Introduction

Plotnine is a Python package for data visualization, based on the grammar of graphics. It implements a wide range of plots—including barcharts, linegraphs, scatterplots, maps, and much more.

This guide goes from a basic overview of Plotnine code, to explaining each piece of its grammar in more detail. While getting started is quick, learning the full grammar takes time. But it’s worth it! The grammar of graphics shows how even plots that look very different share the same underlying structure.

The rest of this page provides brief instructions for installing and starting with Plotnine, followed by some example use cases.

Installing

# simple install
pip install plotnine

# with dependencies used in examples
pip install 'plotnine[extra]'
# simple install
uv add plotnine

# with dependencies used in examples
uv add 'plotnine[extra]'
# simple install
conda install -c conda-forge plotnine

# with dependencies used in examples
conda install -c conda-forge 'plotnine[extra]'

Quickstart

Basic plot

Plotnine comes with over a dozen example datasets, in order to quickly illustrate a wide range of plots.
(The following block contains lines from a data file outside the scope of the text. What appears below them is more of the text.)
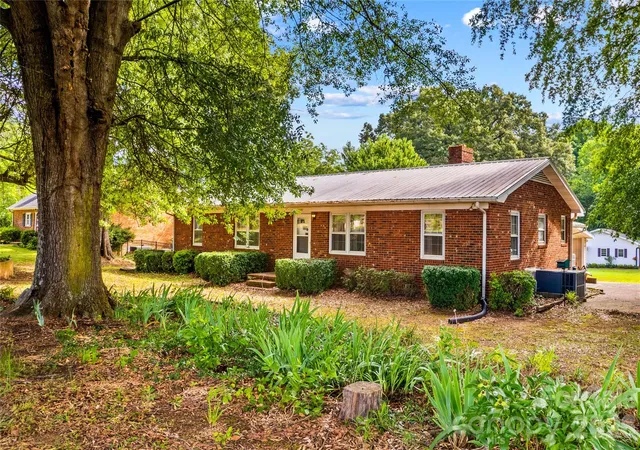 2nd image of 1059 Shearers Rd, Mooresville, NC 28115 | MLS# 4385016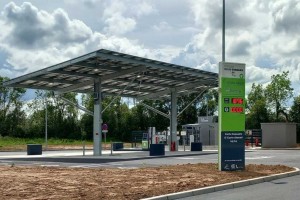Avec TSG France et IMING, le SDEM inaugure la première station GNV de La Manche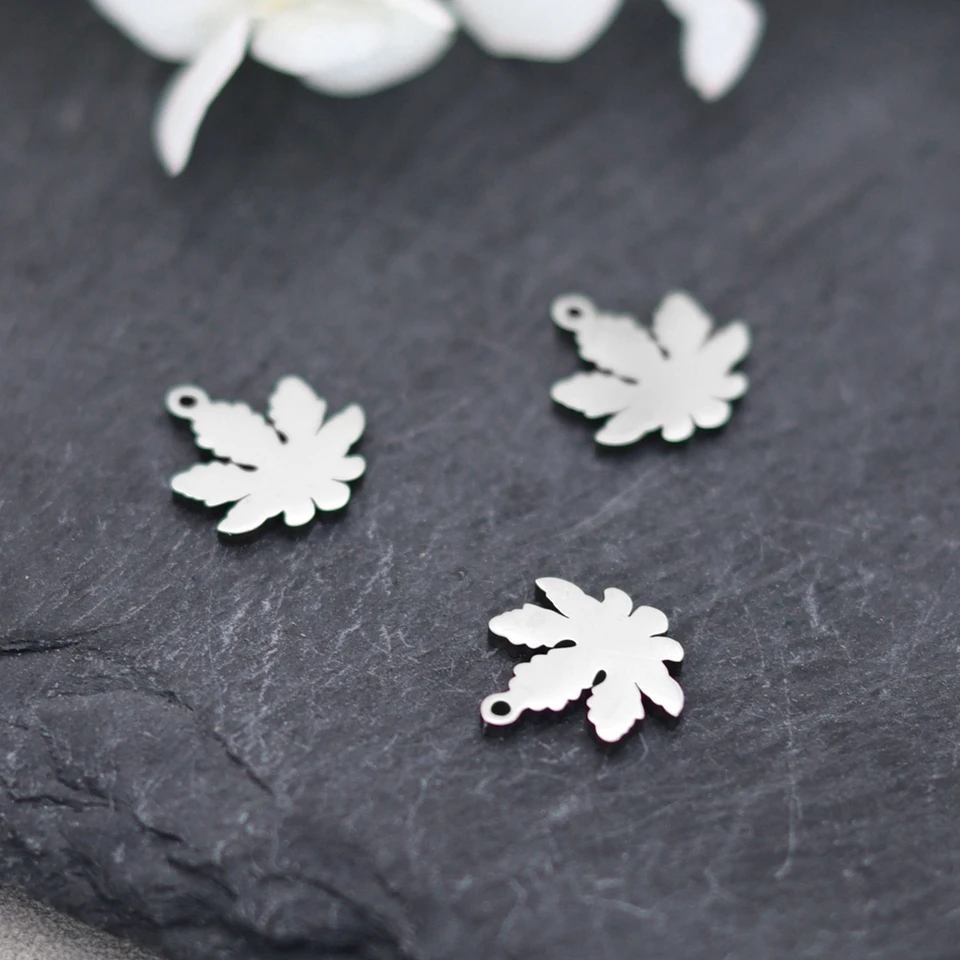 3KS Maple Leaf Charms pre šperky výroby náušníc pre domácich majstrov Náramky Ručne vyrábané nálezy šperkov Prívesky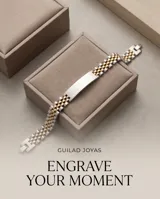 Pulsera de eslabones tipo reloj con placa central lisa para grabar, combinando tonos plateado y dorado.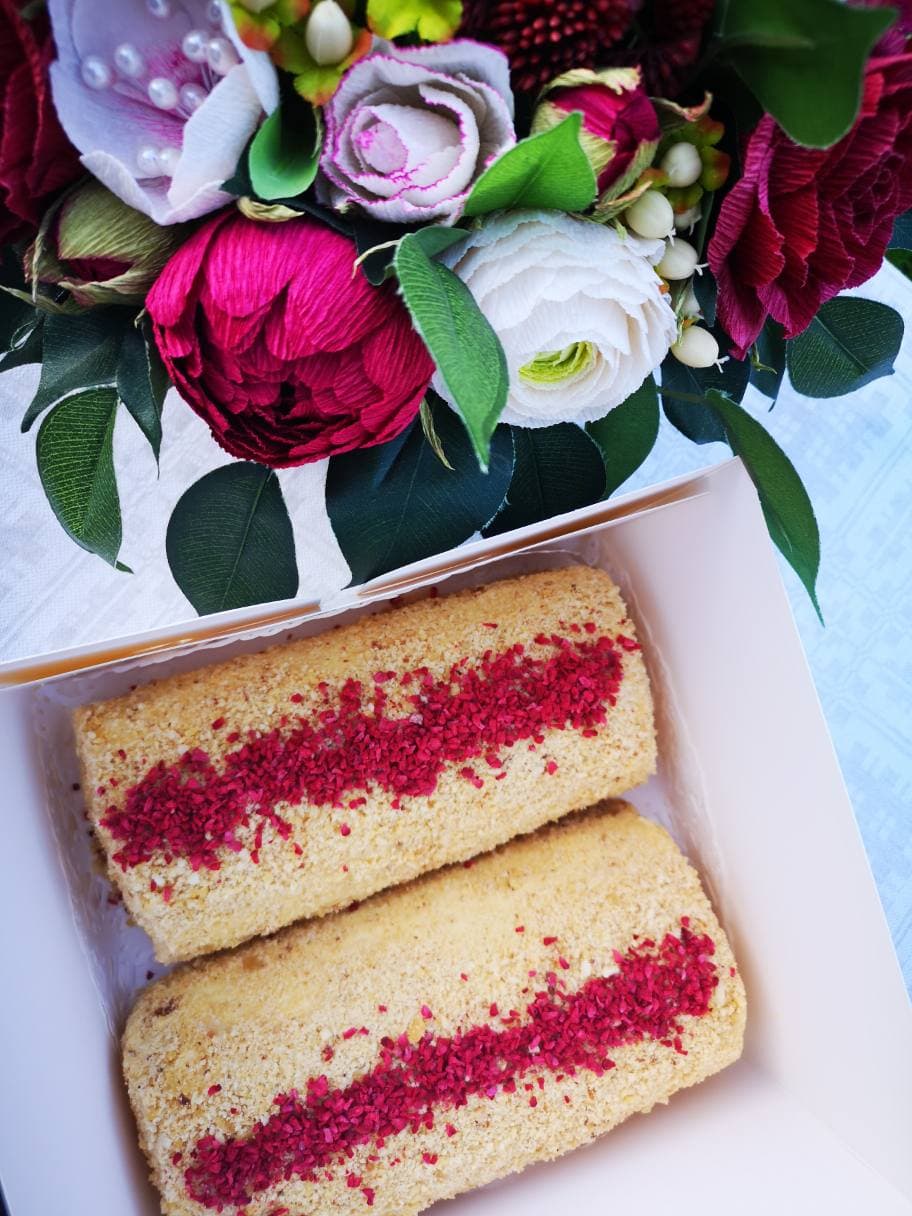 Biskvīta rulete ar riekstu praline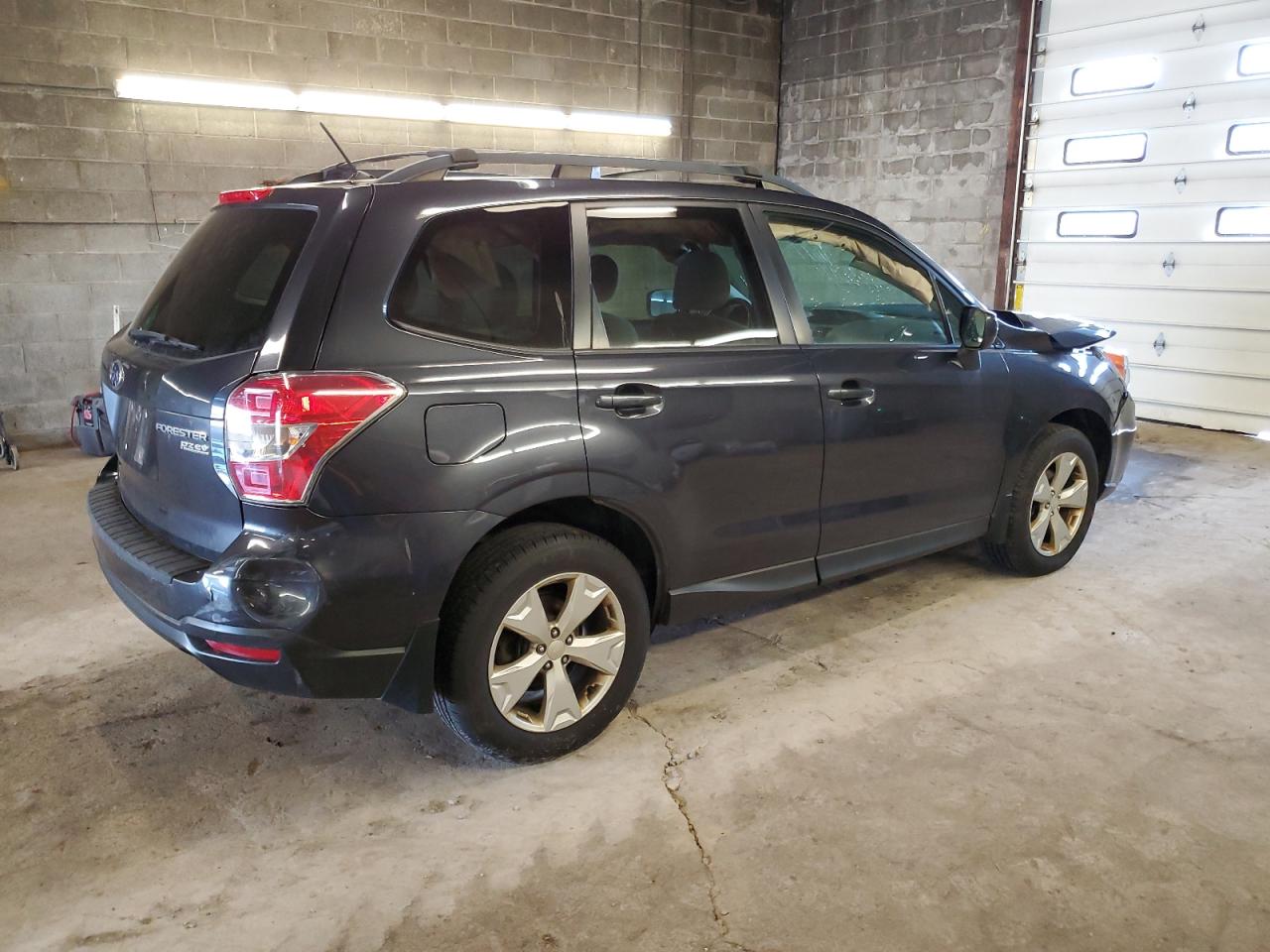 Photo 2 VIN: JF2SJADC9FH527109 - SUBARU FORESTER 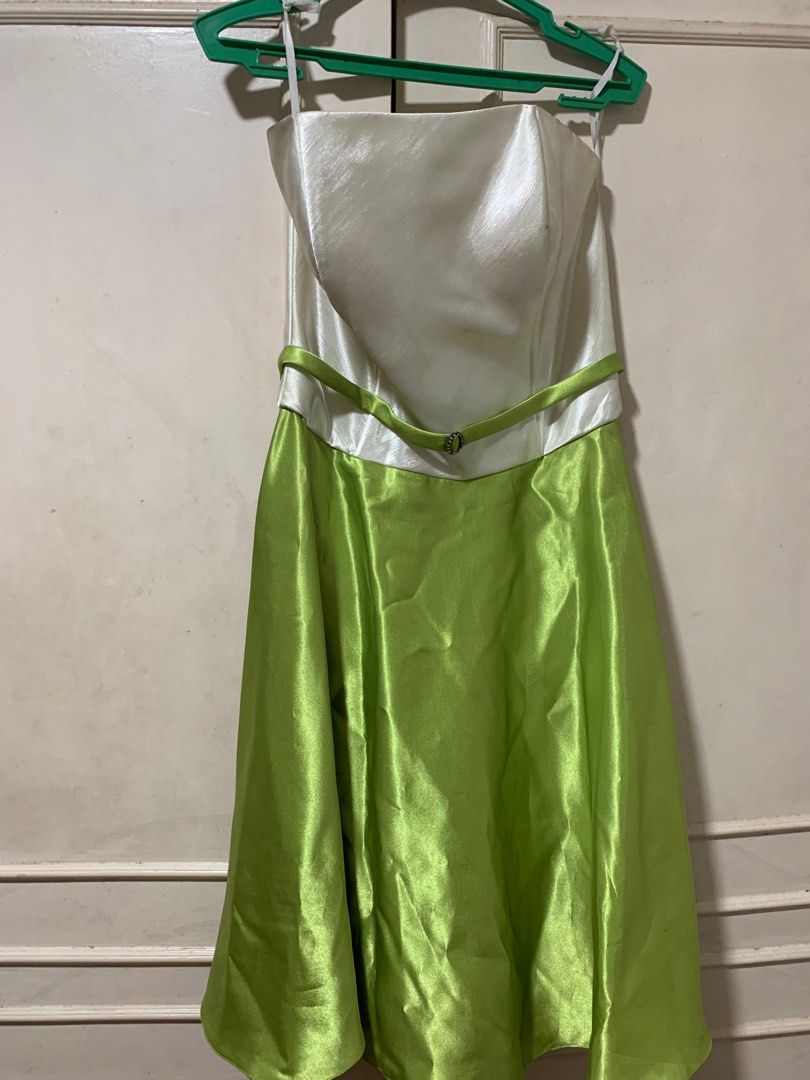 Apple green cocktail dress (Category: Evening dresses & gowns) located in Del Monte. Submitted by popcornreport (Listing ID 1333027156, Image 1). Description: .
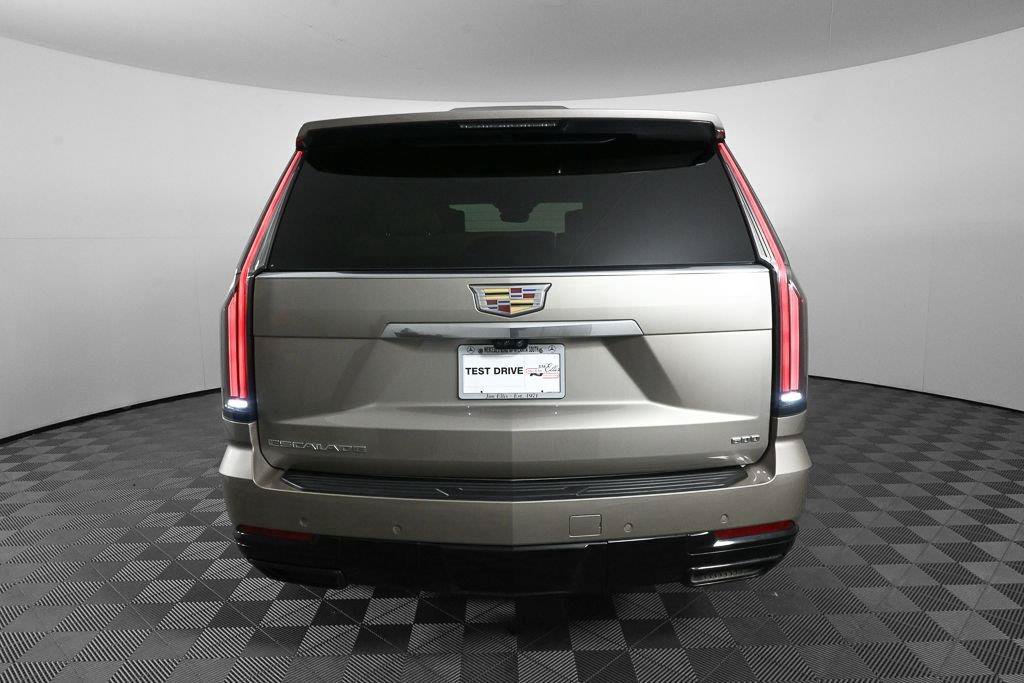 Used 2025 Cadillac Escalade Sport Platinum w/ LPO, Floor Liner Package AWD/4WD image 28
For example, the Palmer’s Penguins dataset (plotnine.data.penguins) contains data on three different penguin species.

The scatterplot below shows the relationship between bill length and bill depth for each penguin species.

from plotnine import ggplot, aes, geom_point, labs
from plotnine.data import penguins

(
    ggplot(penguins, aes("bill_length_mm", "bill_depth_mm", color="species"))
    + geom_point()
)

DataFrame support

Plotnine supports both Pandas and Polars DataFrames. It also provides simple a >> operator to pipe data into a plot.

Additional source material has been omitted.